1. Is there any particular reason why __copy_from_user_ll() is currently
EXPORT_SYMBOL()ed for i386? At least none of the in-tree modules
currently seem to use it, and __copy_from_user() seems like what most
would want anyway. If __copy_from_user_ll() is unexported, it looks like
we can eliminate the BUG_ON() statement within it.
2. Would it be possible to eliminate the might_sleep() call in
copy_from_user()? It seems that, very soon after, the __copy_from_user()
macro does another might_sleep(), with very few instructions in between.
But there might be some trick here that I'm missing.
Please enlighten. :-)
-Vadim Lobanov
Vadim Lobanov <[email protected]> wrote:
> 2. Would it be possible to eliminate the might_sleep() call in
> copy_from_user()? It seems that, very soon after, the __copy_from_user()
> macro does another might_sleep(), with very few instructions in between.
> But there might be some trick here that I'm missing.

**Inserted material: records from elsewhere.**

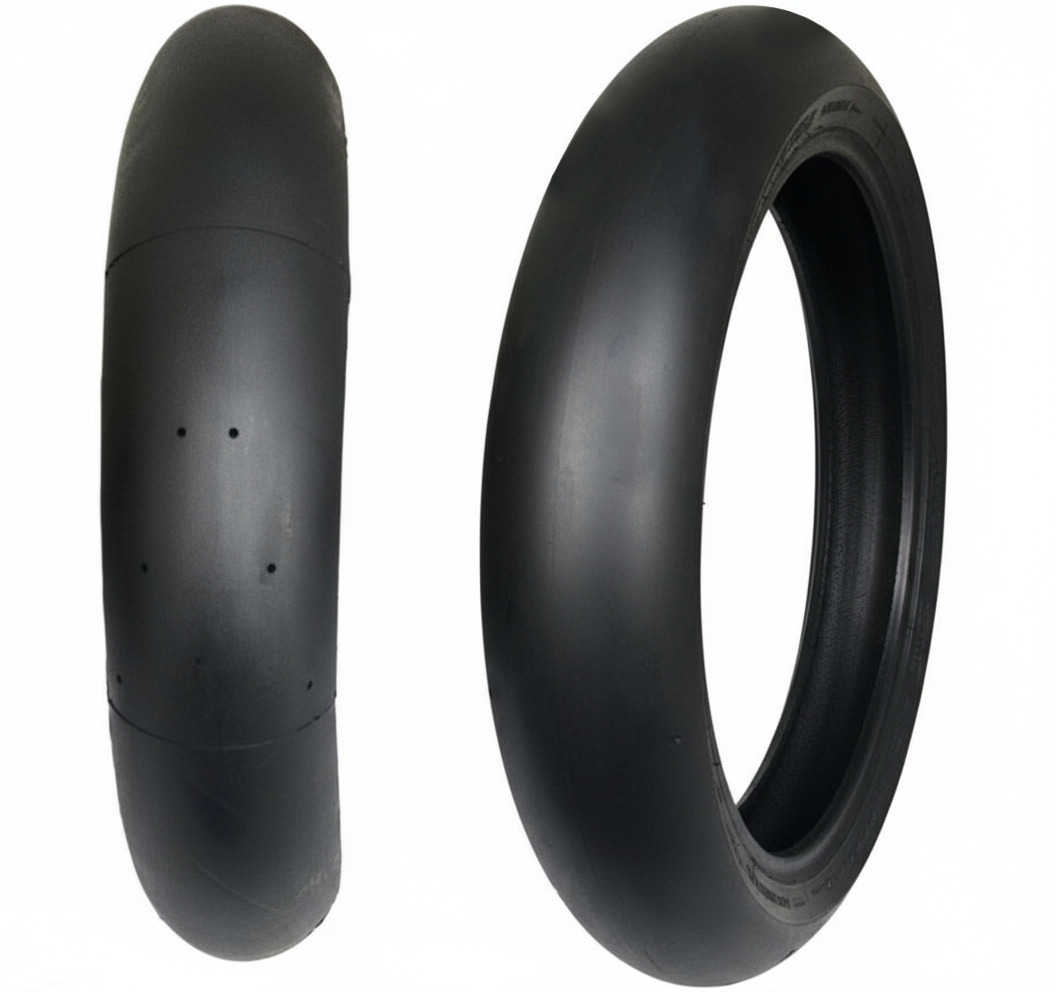 LLANTA [RSX] RADIAL TL 140/70R17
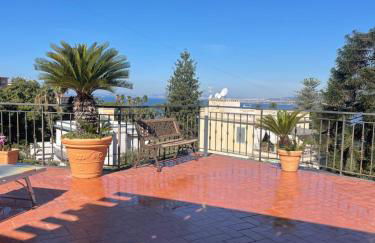 La Terrazza Quisisana Sorrento Coast - Foto 7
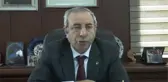 Yyü Rektörü Battal, Ürdün Ziyaretini Değerlendirdi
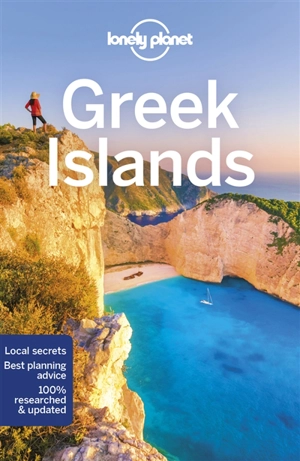 Greek islands - Korina Miller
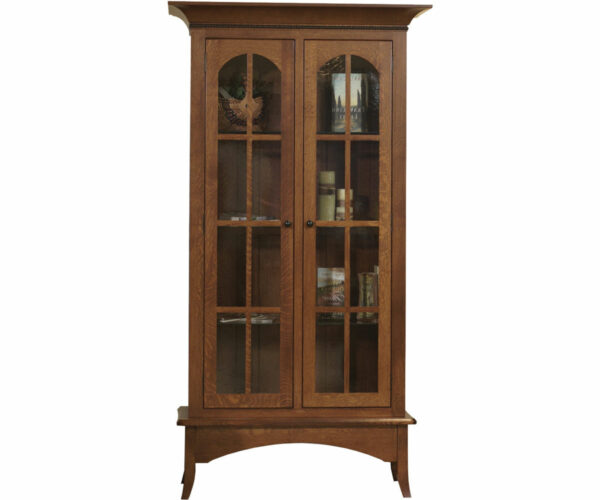 Bunker Hill Bookcase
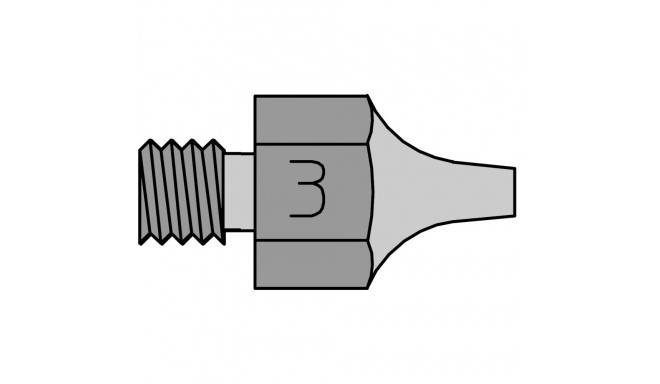 DS 113 DESOLDERING TIP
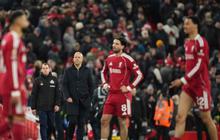 Arne Slot Tegaskan 3 Fokus Utama Liverpool: Trofi Piala FA Jadi Target Paling Realistis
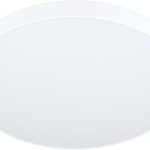 Eglo Plafon Zubieta 45 cm biały LED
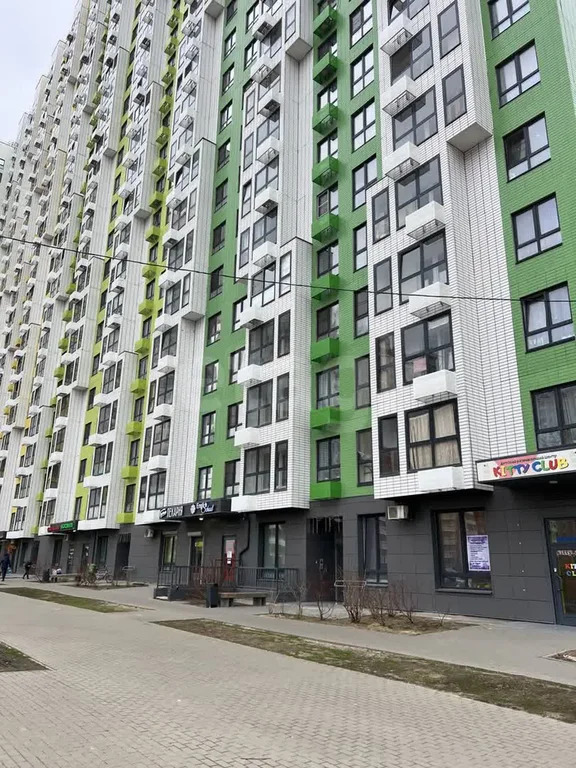 Продажа квартиры, Путилково, Красногорский район, Сходненская улица - Фото 12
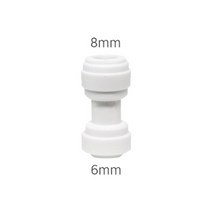 정수기부품 변환피팅 (I피팅/6-8mm) LSC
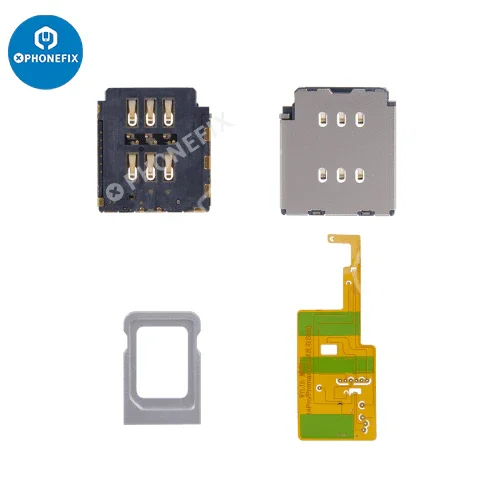 Wylie Tool Kit Convert iPhone 14 Pro Max eSIM To SIM Card - Image 8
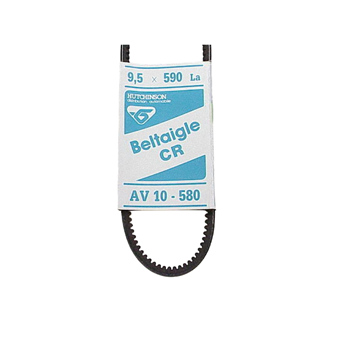 V-SNAAR 10X580 V-SNAAR 10X580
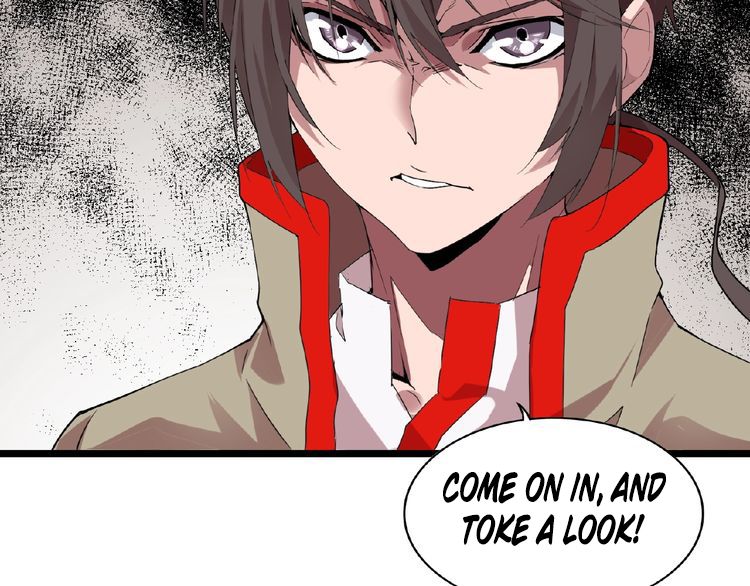 Magic Emperor Chapter 7 — page 124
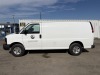 2015 Chevrolet Express Cargo Van - 7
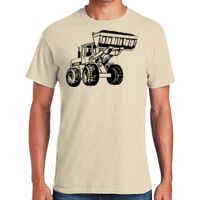 Heavy Cotton ™ 100% Cotton T Shirt Thumbnail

might_sleep() is used for debugging the possible sleep while in an
atomic operation. I think it is safe to check this for all the calls
to copy_from_user(), no matter if the access is OK or not (memset
being used in the latter case). The same is for
__copy_from_user(). Anyway, if you don't enable
CONFIG_DEBUG_SPINLOCK_SLEEP, the might_sleep() macro is empty.
--
Catalin
On Thu, 14 Apr 2005, Catalin Marinas wrote:
> Vadim Lobanov <[email protected]> wrote:
> > 2. Would it be possible to eliminate the might_sleep() call in
> > copy_from_user()? It seems that, very soon after, the __copy_from_user()
> > macro does another might_sleep(), with very few instructions in between.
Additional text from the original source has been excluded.